-- Dataset entries follows --
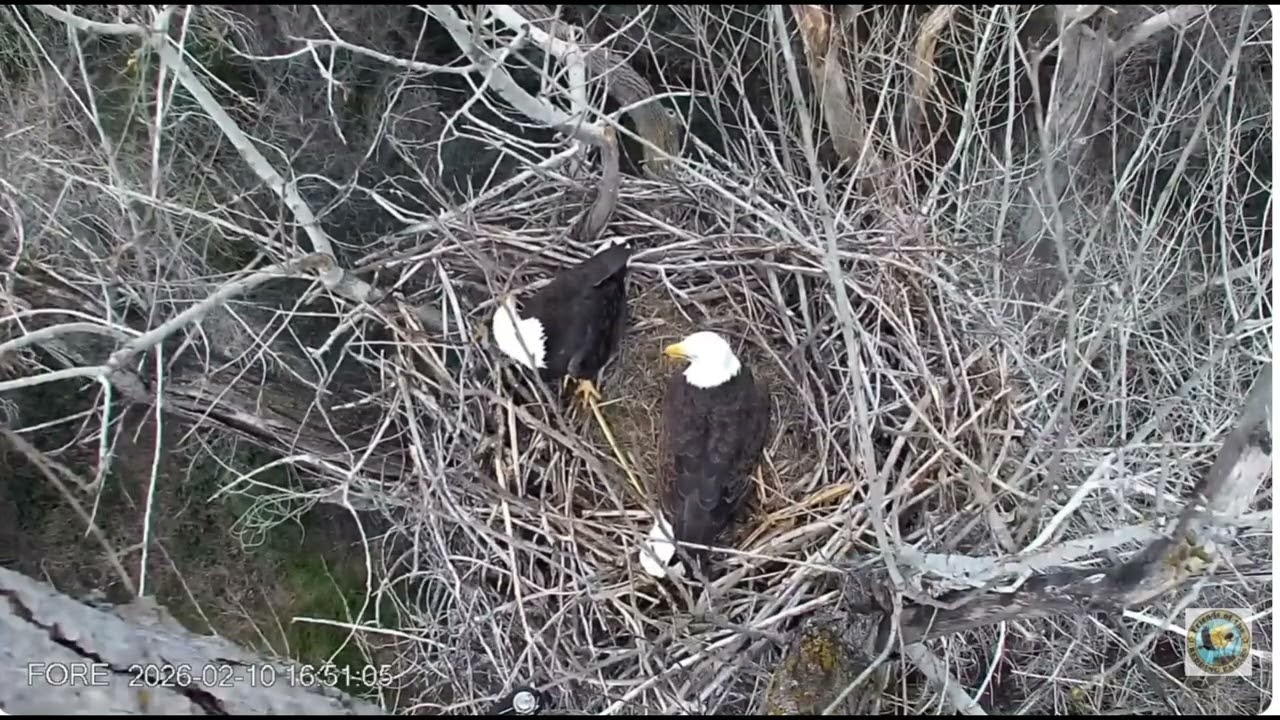 EGG WATCH DAY 5!! Guardian leaves the nest to perch nearby for the night❤️❤️.
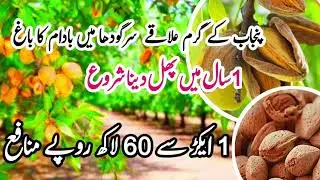 Almond tree farming in Pakistan Punjab Sargodha #badamtreefarming #almondtreefarming #badam #fruits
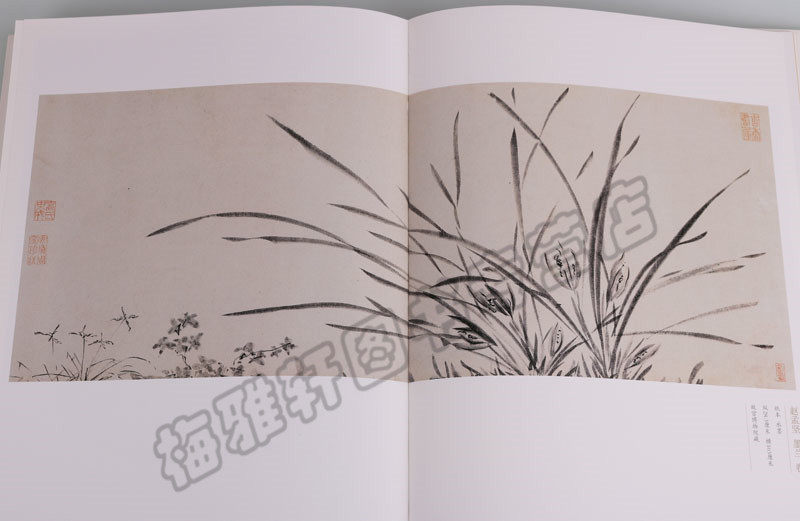 正版 故宫画传籣菊画谱 花卉梅兰竹菊之兰花菊花画范写意工笔白描花鸟墨写意中国画技法基础自学初学如何怎么入门艺术绘画册集书籍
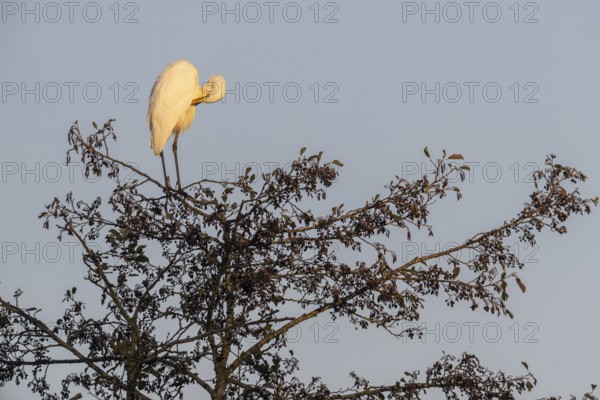 Great Egret (Ardea alba), Emsland, Lower Saxony, Germany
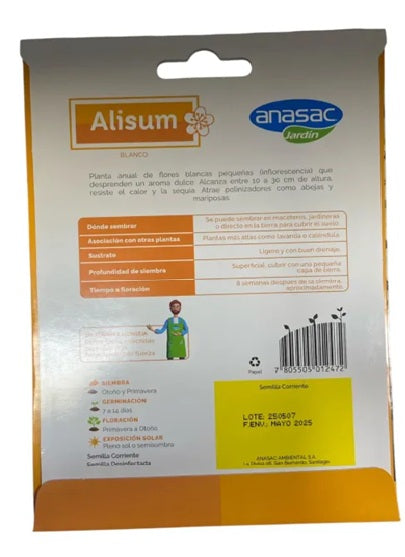 SEMILLA FLOR ALISUM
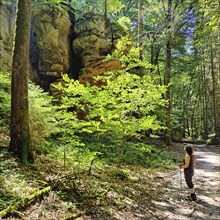 Bizarre red sandstone rock landscapes in the Sauerschweiz, Southern Eifel nature park Park, hiking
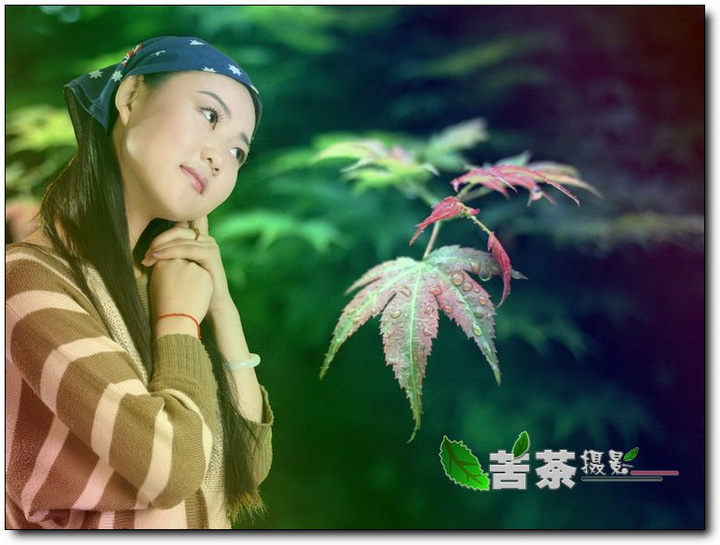 Ц崺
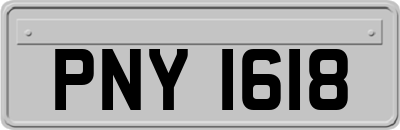 PNY1618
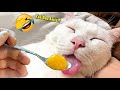 NGAKAK PARAH.!🤣 TERBARU 7 Menit Video Kucing Lucu Banget Bikin Ngakak  ~ Kucing Lucu Tiktok 2023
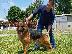 PoulaTo: German Shepherd  K-9καθαροαιμα κουταβακια 6940048695 αθηνα θεσσαλονικη...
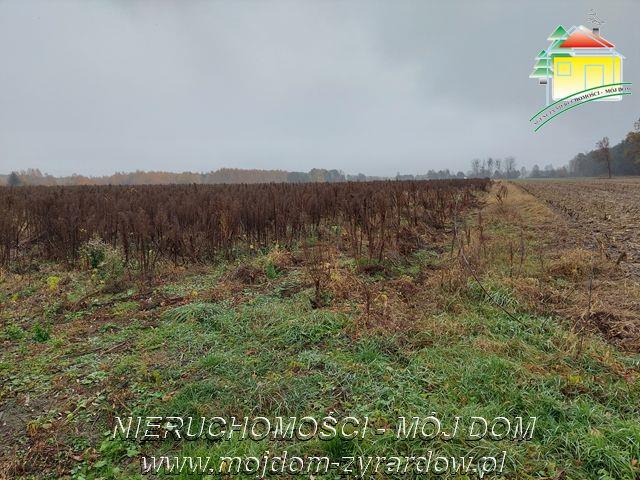 Polecamy działki w Miedniewicach - Miedniewice   -
Mazowieckie Zdjęcie nr 1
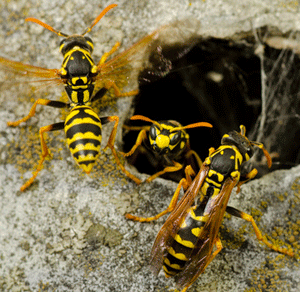 Wasp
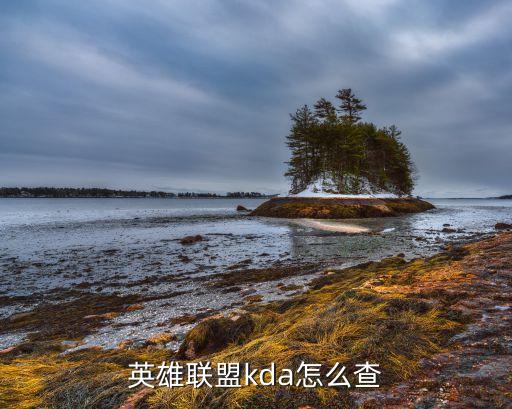 英雄联盟kda怎么查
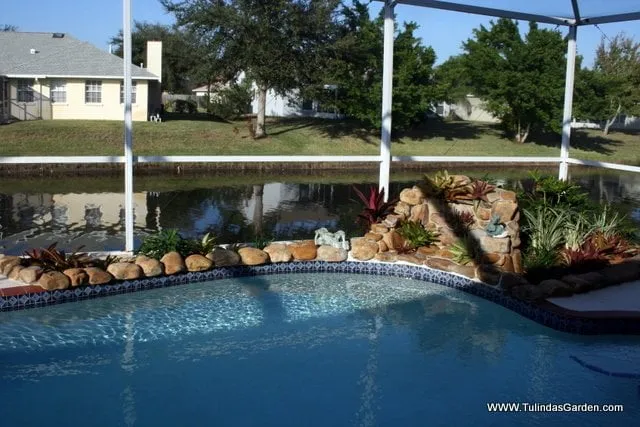 Local landscape design in Cocoa, FL - Tulinda's Garden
-- Dataset entries concluded --
All records should be output exactly, with the pictures left out.

 EGG WATCH DAY 5!! Guardian leaves the nest to perch nearby for the night❤️❤️.
 Almond tree farming in Pakistan Punjab Sargodha #badamtreefarming #almondtreefarming #badam #fruits
 正版 故宫画传籣菊画谱 花卉梅兰竹菊之兰花菊花画范写意工笔白描花鸟墨写意中国画技法基础自学初学如何怎么入门艺术绘画册集书籍
 Great Egret (Ardea alba), Emsland, Lower Saxony, Germany
 SEMILLA FLOR ALISUM
 Bizarre red sandstone rock landscapes in the Sauerschweiz, Southern Eifel nature park Park, hiking
 Ц崺
 PNY1618
 NGAKAK PARAH.!🤣 TERBARU 7 Menit Video Kucing Lucu Banget Bikin Ngakak  ~ Kucing Lucu Tiktok 2023
 PoulaTo: German Shepherd  K-9καθαροαιμα κουταβακια 6940048695 αθηνα θεσσαλονικη...
 Polecamy działki w Miedniewicach - Miedniewice   -
Mazowieckie Zdjęcie nr 1
 Wasp
 英雄联盟kda怎么查
 Local landscape design in Cocoa, FL - Tulinda's Garden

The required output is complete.